Rice dined privately with Georgian President Mikhail Saakashvili, a Russian nemesis, a day after Russia warned that it might resort to military means to counter a U.S. plan to base anti-missile defenses in the Czech Republic. Rice called the Russian response sad but predictable.
The system would place radar interceptors in the Czech Republic, a former Soviet satellite, and missiles in Poland. Russia says that's uncomfortably close, no matter the U.S. assurances that the planned shield is a hedge against Iran. Russia says the shield is unnecessary.
Iran test-fired nine long- and medium-range missiles on Wednesday during war games that officials say are in response to U.S. and Israeli threats, state television reported.
"I see it as evidence that the missile threat is not an imaginary one," Rice said, "and that those who say that there is no Iranian missile threat against which we should be building missile defenses perhaps ought to talk to the Iranians."
Russia's president, Dmitry Medvedev, told reporters Wednesday at the Group of Eight summit in Japan that the U.S. system "deeply distresses" Moscow and that Washington was engaging in "halfhearted negotiations that have come to nothing."

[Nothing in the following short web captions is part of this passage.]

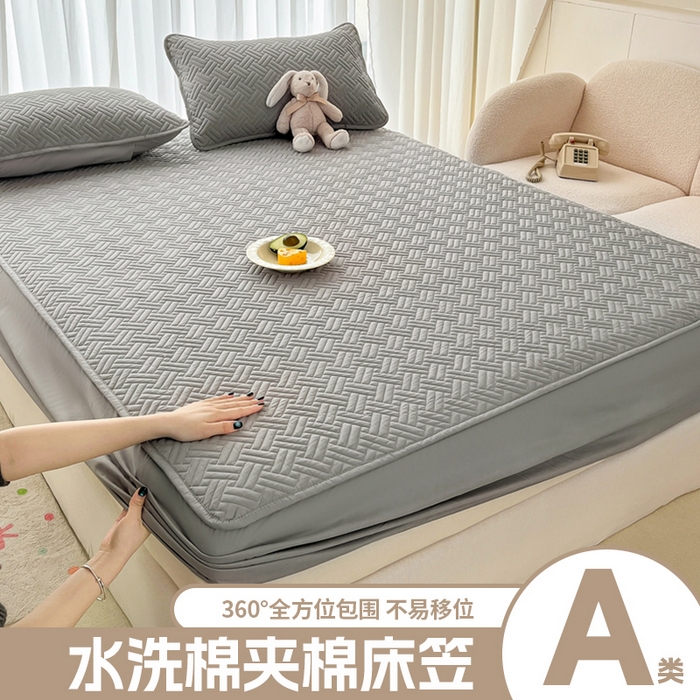 91家纺网 家纺一手货源 找家纺 欧邦 2025新款四季款纯色水洗棉夹棉床笠床垫保护罩-场景二 条格-浅灰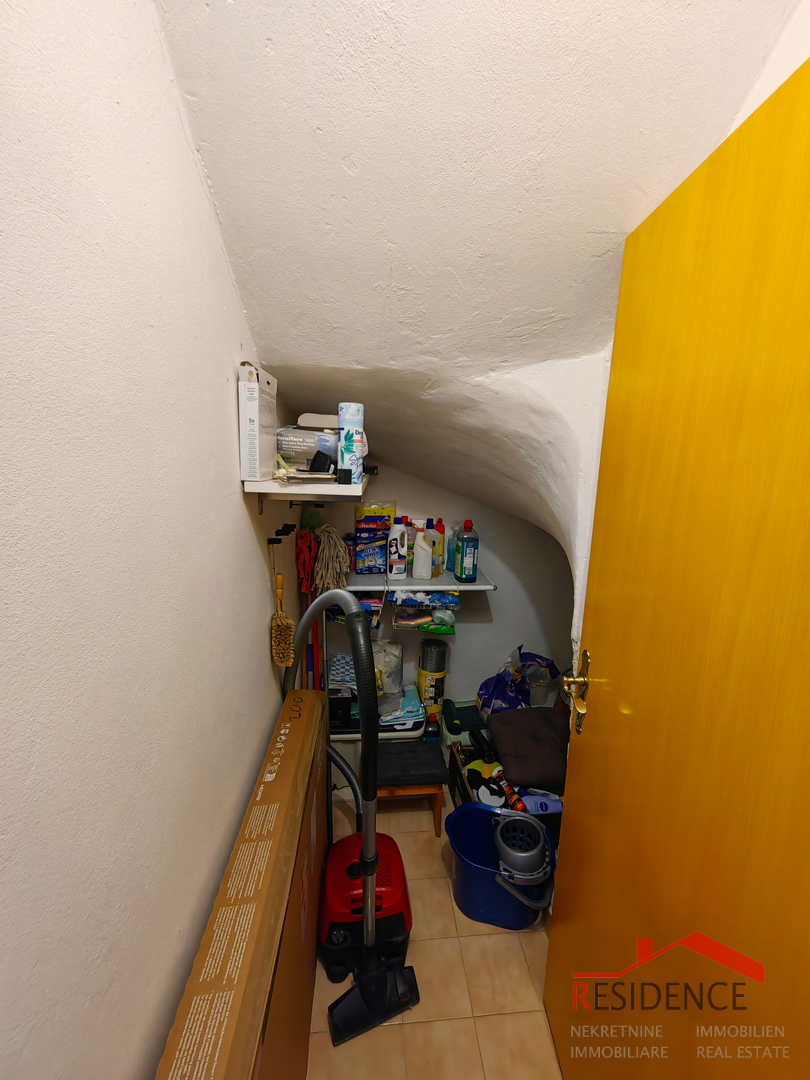 EKSKLUZIVNA PRODAJA HIŠE V BANJOLAH, POGLED NA MORJE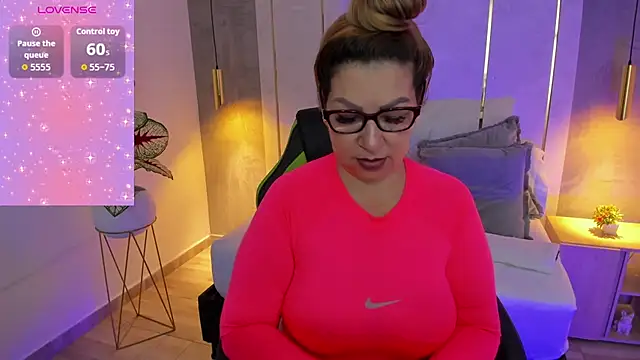 gisela27 online show from May 18, 1:05 pm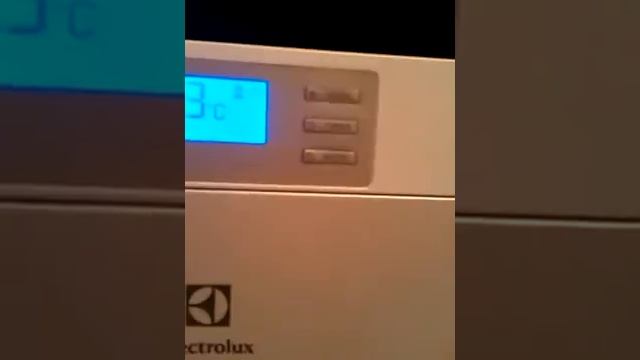 Обзор мобильного кондиционера ELECTROLUX EACM 12 DR N3 смотреть онлайн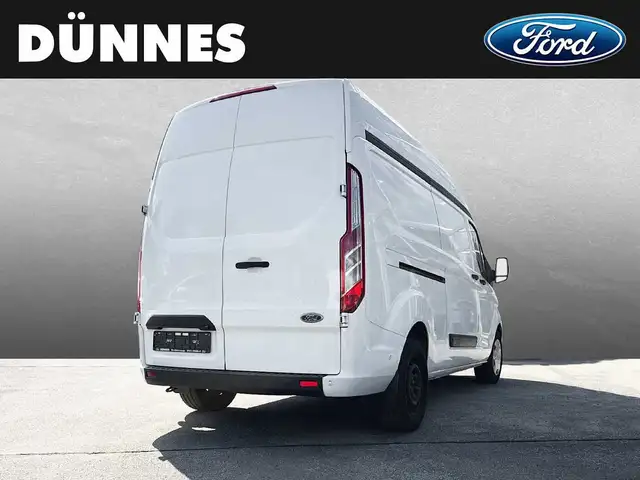 Ford Transit Custom view 2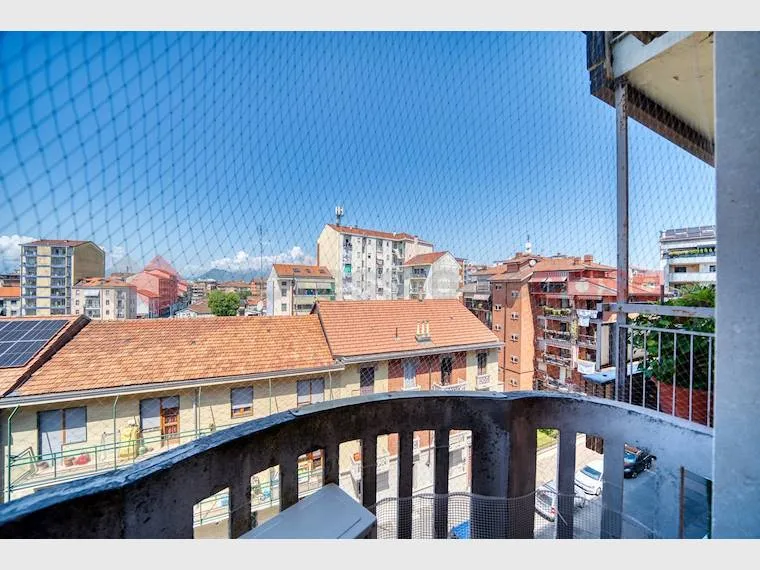 Rõdu - Rearranged 2-Bedroom Apartment in Turin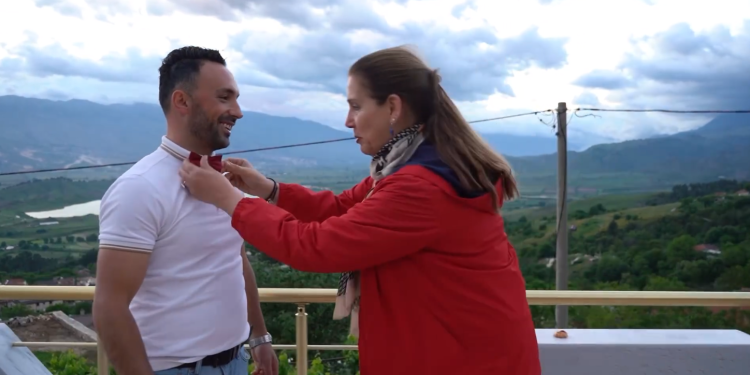 “Vdeksha unë për papionin tënd”, Kumbaro inaguron në Libohovë një bujtinë të re: Djali i rikthyer nga Gjermania e bëri një vatër mikpritje (VIDEO)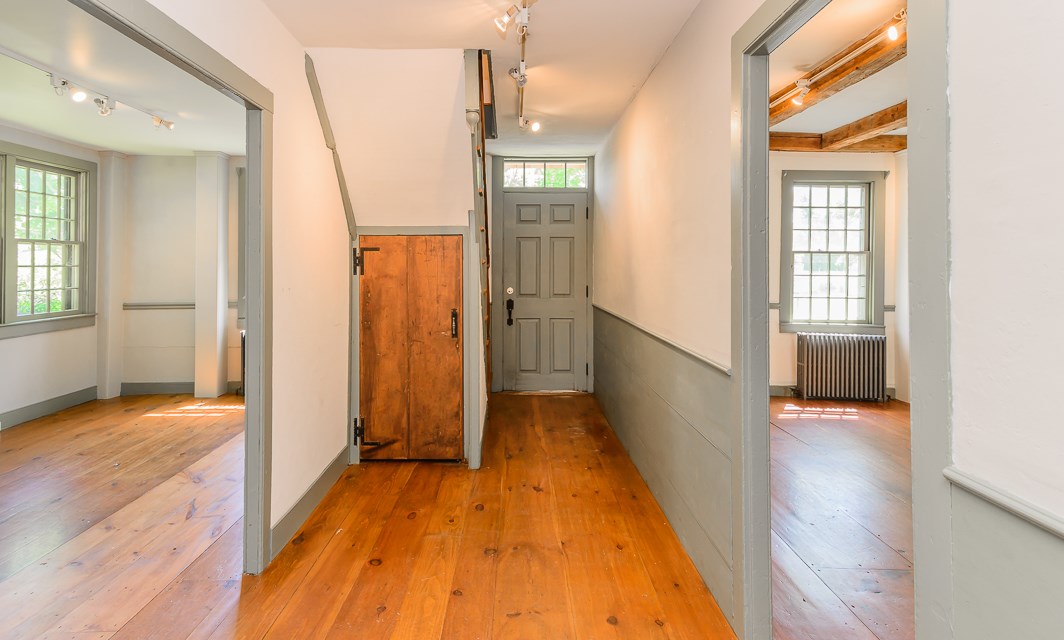 3895 Main Road Tiverton, RI 02878 - Photo 15 of 34
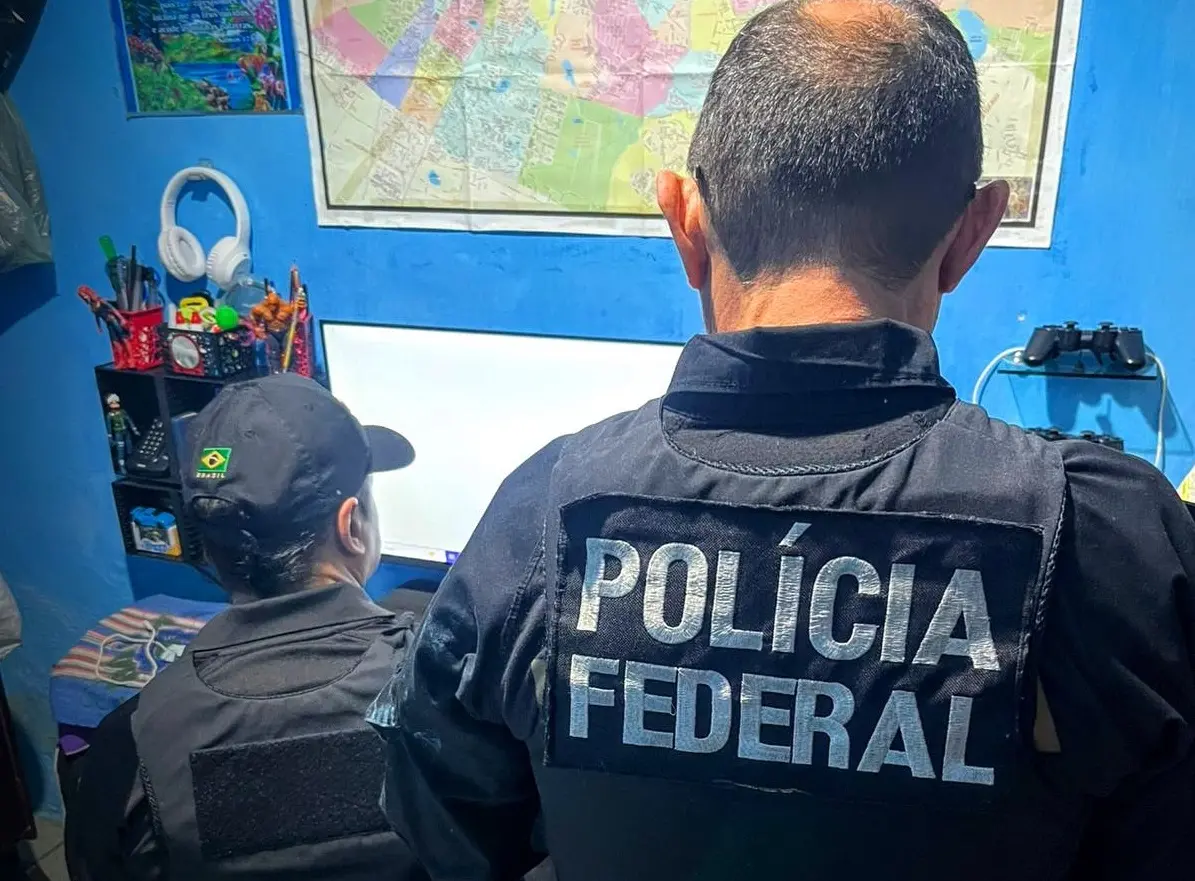 Policiais federais durante cumprimento de mandado de busca e apreensão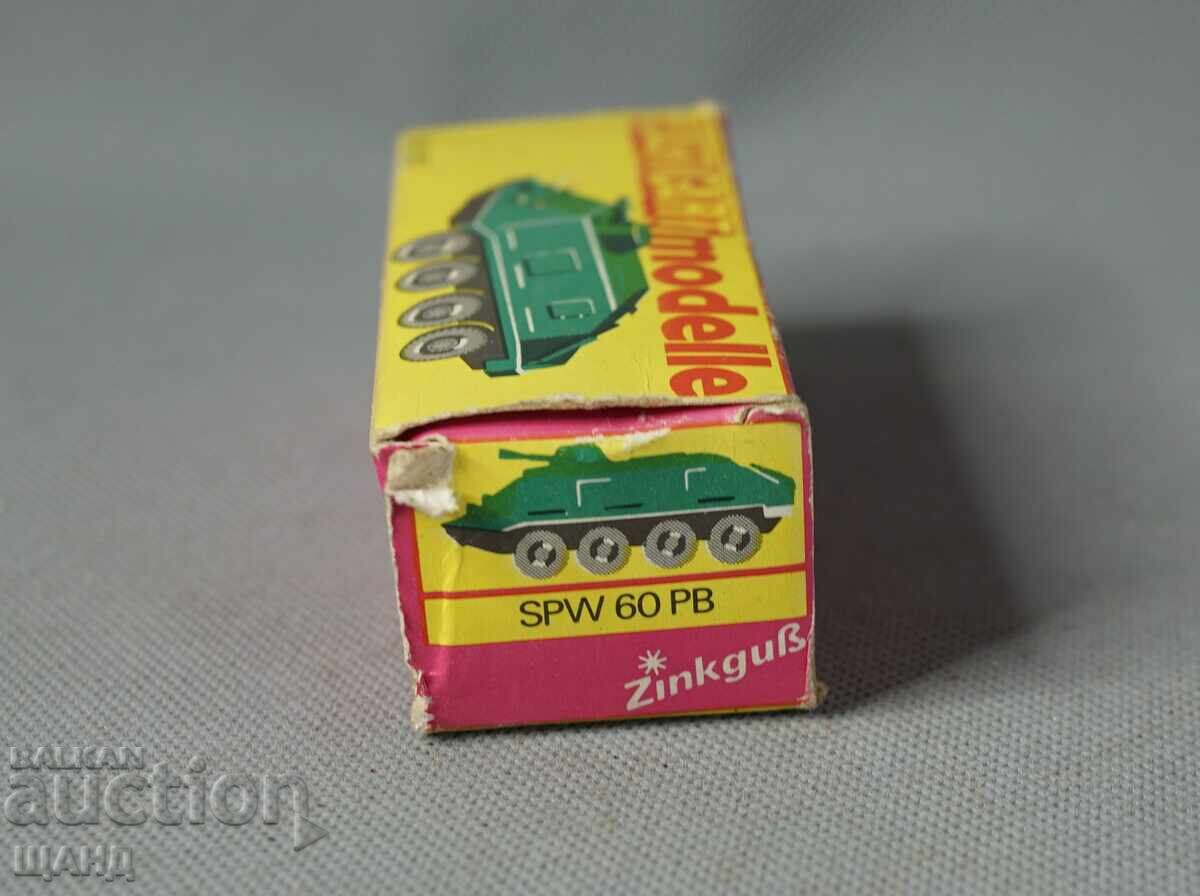 Стара  Кутия от Немска играчка модел танк БТР с цена € 5.55 | 10.85 лв.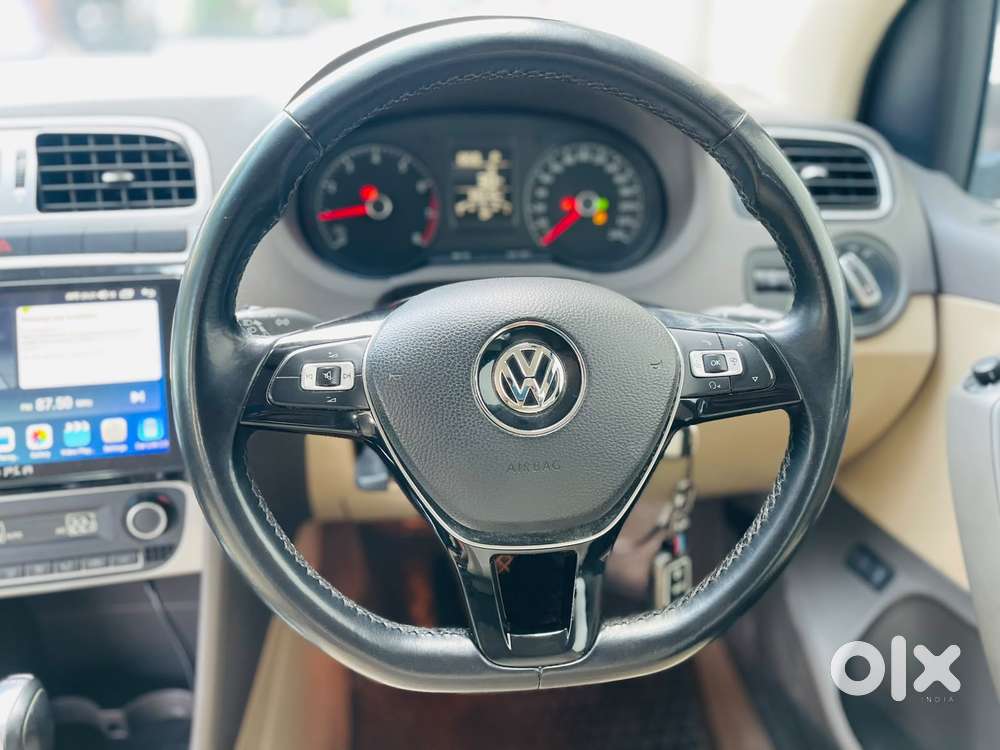 Volkswagen Vento 1.2 Tsi Highline Plus At, 2016, Petrol
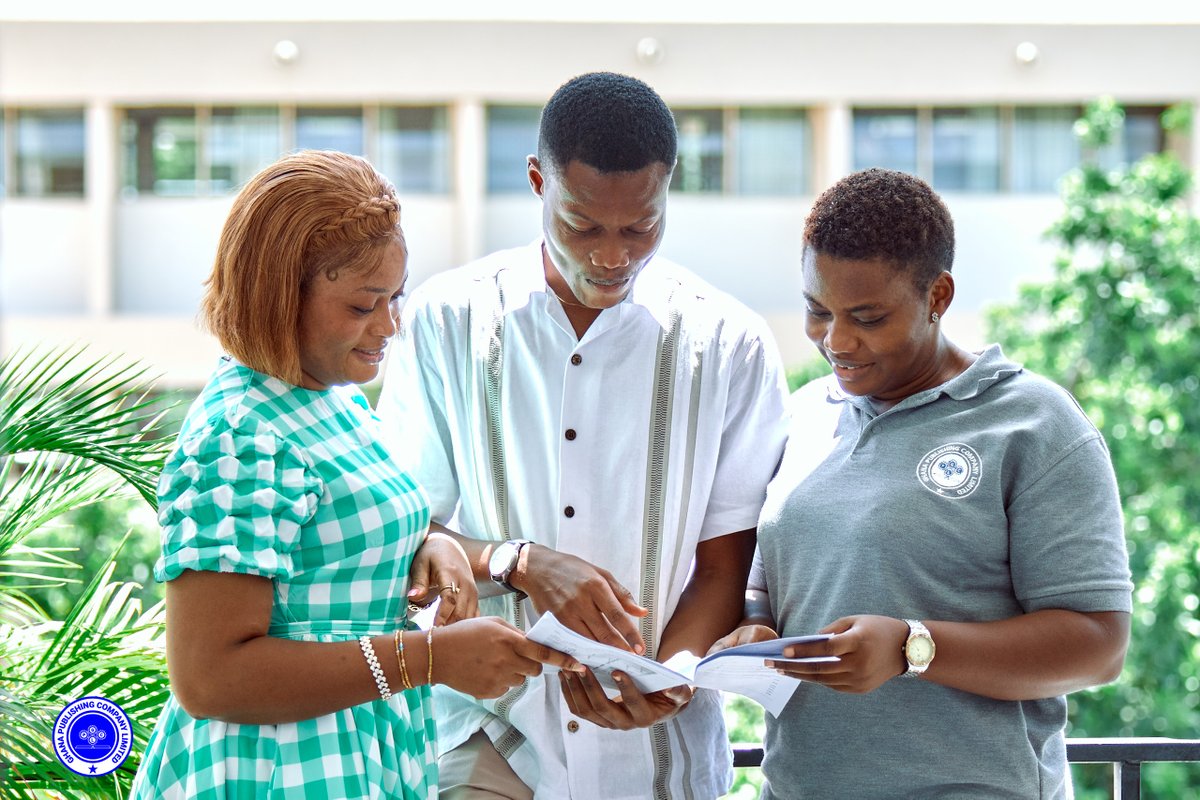 ghanapublish's tweet image. Hello, new week 👋😊
We show up with positive energy, smiling faces and a commitment to serve you right.

#GPCL #HelloNewWeek #ReadyForBusiness #ServiceDriven #SmilingFaces #ProfessionalService #NewWeekEnergy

He met with President Bush during the summit this week, and reported no progress on numerous issues that divide Russia and the U.S., especially missile defense. He also called the American president "George," wished him happy birthday and pledged to continue talking.
Medvedev told Bush that Russia would like "to normalize our relations with Georgia, but so far we do not see sufficient will" on the part of the Georgian leadership, said aide Sergei Prikhodko.
Of chief concern to the United States now is the argument over Abkhazia, a breakaway region of Georgia. Georgia accuses Moscow of encouraging separatist movements that are a legacy of the breakup of the Soviet Union; Moscow denies it but has increased ties to Abkhazia's separatists, beefed up its peacekeeping force in the area and sent other troops in.
"The United States considers the territorial integrity of Georgia to be inviolable," Rice said. She said Russia has "not been helpful" in Abkhazia, where Georgia says Russia also shot down an unarmed Georgian drone.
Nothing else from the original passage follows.